So I should have said, “Hey, thanks, but Jim’s the guy your viewers should hear from.” Instead, I froze and looked clueless, and, worse than that, uncaring. Clueless I definitely am sometimes, but not uncaring…
…Amber, CNN, and others are depicting Jim and I as profiteers oblivious to the welfare of women and children. Anyone that’s followed us over all these years knows that’s not at all what we’re about. In reality, we’re both pretty obsessed with trying to make the world a better place, and neither have much interest in possessions or fancy lifestyles.
Ms. Lyon, meanwhile, has been bragging about the event as if she’d scored some major scoop. Here’s what her bio says on the matter:
Lyon also investigated the sex trafficking of minors on Craigslist. In a CNN exclusive, Lyon brought her findings to the “Craig” in Craigslist, founder Craig Newmark. Her interview left Newmark speechless.
In the minds of everybody who knows Craig, myself included, and those who’ve been following this story via blogs and Twitter, Ms. Lyon’s purpose in ambushing Craig was self-promotion, hyperbole to position herself as hard-edged. She may honestly feel that she did a great thing here with her “investigation,” but the lesson for us to learn is that just because we feel that way doesn’t necessarily mean that our audience does.
Craigslist CEO Jim Buckmeister later posted a blog entry of his own, taking Ms. Lyon and CNN to task. Apparently, she has now requested an interview with him.
You knew Craig was not in management or a company spokesperson, but setting CNN’s ethical code aside, you sidestepped company channels in favor of ambushing our semi-retired founder, complete with a misleading “set up” for your surprise questions. Now that CNN has aired your highly misleading piece dozens of times, mischaracterizing your stunt as a serious interview on this subject, and you’ve updated your “bio” to showcase this rare jewel of investigative journalism, you’re ready to try actually interviewing the company itself on this subject.
There is a class of “journalists” known for gratuitously trashing respected organizations and individuals, ignoring readily available facts in favor of rank sensationalism and self-promotion. They work for tabloid media. Your stunt has veteran news pros we know recoiling in journalistic horror, some of them chalking it up to a decline in CNN’s standards, which is unfortunate.
Seeing how you’ve pinned your career hopes on butchering this story, I’ll have to pass.

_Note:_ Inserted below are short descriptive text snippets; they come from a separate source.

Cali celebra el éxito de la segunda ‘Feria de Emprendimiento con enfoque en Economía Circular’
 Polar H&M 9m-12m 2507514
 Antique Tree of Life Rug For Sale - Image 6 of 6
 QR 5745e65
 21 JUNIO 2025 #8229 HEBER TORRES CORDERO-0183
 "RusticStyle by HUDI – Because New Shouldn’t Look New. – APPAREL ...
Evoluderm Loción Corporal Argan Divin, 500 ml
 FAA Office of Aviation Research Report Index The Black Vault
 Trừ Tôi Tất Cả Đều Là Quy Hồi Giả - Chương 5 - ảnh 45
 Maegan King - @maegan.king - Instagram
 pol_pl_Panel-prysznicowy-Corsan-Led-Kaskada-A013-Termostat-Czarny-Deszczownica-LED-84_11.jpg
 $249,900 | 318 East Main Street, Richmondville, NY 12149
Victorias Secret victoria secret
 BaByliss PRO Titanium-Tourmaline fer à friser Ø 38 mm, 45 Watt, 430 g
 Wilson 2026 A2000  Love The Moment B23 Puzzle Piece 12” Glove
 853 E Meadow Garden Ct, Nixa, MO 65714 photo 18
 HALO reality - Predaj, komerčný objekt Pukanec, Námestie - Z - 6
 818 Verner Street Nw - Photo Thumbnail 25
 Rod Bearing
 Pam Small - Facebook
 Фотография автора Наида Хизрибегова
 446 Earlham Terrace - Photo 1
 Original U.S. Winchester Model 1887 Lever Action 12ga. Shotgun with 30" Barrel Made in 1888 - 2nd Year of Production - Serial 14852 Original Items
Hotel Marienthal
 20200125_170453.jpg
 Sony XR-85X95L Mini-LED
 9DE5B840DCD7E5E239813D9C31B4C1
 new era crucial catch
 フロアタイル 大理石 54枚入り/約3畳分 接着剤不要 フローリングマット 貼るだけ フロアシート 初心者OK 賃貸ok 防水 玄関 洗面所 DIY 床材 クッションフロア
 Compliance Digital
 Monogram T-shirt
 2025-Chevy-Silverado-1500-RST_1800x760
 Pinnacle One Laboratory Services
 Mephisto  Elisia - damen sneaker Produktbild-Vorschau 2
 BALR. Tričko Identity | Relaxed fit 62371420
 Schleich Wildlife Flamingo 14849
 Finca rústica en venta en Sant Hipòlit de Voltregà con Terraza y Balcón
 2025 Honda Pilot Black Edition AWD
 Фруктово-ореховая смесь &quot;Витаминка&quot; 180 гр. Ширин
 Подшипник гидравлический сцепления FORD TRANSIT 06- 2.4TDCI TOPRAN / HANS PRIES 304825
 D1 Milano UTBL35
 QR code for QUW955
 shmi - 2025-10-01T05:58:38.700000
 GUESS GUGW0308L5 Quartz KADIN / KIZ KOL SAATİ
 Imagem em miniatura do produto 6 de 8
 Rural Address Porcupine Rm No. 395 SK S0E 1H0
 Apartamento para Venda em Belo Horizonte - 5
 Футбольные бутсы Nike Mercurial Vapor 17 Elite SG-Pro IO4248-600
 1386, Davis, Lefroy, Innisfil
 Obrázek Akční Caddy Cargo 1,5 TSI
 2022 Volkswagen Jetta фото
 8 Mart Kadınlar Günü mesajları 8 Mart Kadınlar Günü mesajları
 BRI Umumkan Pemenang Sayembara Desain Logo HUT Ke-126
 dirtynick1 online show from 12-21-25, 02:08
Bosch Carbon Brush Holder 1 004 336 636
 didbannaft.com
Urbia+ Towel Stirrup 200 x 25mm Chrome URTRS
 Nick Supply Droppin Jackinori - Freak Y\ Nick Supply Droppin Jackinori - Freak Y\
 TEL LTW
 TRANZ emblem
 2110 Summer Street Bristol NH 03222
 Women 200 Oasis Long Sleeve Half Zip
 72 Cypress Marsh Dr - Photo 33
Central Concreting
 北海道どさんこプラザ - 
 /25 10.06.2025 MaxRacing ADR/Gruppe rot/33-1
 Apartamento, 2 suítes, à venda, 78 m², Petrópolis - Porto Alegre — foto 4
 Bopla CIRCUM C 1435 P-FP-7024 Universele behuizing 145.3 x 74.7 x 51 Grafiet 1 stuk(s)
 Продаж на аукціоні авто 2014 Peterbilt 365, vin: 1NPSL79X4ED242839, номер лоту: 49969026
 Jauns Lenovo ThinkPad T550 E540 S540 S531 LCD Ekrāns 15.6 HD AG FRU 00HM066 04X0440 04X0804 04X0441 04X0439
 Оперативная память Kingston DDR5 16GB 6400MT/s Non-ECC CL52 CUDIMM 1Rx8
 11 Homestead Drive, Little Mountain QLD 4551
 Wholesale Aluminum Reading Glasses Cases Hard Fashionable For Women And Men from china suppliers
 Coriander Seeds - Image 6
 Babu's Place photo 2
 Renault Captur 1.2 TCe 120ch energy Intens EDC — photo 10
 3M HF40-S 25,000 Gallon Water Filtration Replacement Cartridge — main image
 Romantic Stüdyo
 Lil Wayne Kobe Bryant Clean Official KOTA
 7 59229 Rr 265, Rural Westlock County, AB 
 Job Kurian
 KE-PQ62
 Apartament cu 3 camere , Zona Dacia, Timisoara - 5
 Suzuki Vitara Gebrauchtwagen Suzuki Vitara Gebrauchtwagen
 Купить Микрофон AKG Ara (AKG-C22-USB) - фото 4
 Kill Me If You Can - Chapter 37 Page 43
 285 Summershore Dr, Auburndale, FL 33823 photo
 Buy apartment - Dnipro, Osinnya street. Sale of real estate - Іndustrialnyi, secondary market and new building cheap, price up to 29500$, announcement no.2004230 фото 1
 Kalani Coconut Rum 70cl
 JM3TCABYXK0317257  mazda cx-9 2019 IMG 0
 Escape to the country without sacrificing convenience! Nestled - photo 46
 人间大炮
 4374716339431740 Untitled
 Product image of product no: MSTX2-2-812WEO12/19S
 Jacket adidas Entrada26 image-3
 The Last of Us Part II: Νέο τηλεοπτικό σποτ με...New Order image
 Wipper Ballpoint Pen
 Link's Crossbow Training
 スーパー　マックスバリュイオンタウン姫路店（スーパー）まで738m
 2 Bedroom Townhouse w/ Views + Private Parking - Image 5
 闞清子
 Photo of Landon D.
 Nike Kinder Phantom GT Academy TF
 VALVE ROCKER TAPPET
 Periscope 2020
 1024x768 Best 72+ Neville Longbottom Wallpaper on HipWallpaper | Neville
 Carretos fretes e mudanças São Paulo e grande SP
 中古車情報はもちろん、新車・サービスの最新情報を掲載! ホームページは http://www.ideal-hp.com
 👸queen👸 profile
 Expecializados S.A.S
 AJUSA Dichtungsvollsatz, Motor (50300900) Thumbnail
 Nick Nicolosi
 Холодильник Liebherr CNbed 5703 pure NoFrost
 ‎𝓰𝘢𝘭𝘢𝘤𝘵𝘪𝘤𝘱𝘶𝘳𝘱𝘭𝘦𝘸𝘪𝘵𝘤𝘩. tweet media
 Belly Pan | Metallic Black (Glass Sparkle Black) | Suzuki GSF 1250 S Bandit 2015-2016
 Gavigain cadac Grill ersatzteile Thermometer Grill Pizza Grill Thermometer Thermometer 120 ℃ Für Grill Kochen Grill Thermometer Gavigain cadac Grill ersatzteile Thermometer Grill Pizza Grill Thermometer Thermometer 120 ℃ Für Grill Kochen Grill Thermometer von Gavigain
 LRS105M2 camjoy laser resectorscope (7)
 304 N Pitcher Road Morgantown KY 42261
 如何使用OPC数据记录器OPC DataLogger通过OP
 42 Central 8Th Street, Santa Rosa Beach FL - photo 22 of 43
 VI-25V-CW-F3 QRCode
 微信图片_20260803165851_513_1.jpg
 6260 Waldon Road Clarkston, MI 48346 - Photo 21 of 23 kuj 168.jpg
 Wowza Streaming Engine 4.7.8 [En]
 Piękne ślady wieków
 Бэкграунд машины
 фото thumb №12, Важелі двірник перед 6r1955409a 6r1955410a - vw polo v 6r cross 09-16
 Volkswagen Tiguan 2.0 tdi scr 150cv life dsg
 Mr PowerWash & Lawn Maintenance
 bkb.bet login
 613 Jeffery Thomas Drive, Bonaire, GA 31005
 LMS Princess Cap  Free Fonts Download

The decline in press trust in the U.S. began in 1976, after Watergate. I’ve said many times that the thirst to be the next Woodward and Bernstein has driven us to do some things of questionable ethics as we go about our daily chores, and this, perhaps more than anything else, has driven people away. Amber Lyon got exactly what she was seeking when she chose to ambush Craig Newmark, and it had nothing to do with reporting.
Shame on us.
(Originally published in this week’s AR&D’s Media 2.0 Intel newsletter)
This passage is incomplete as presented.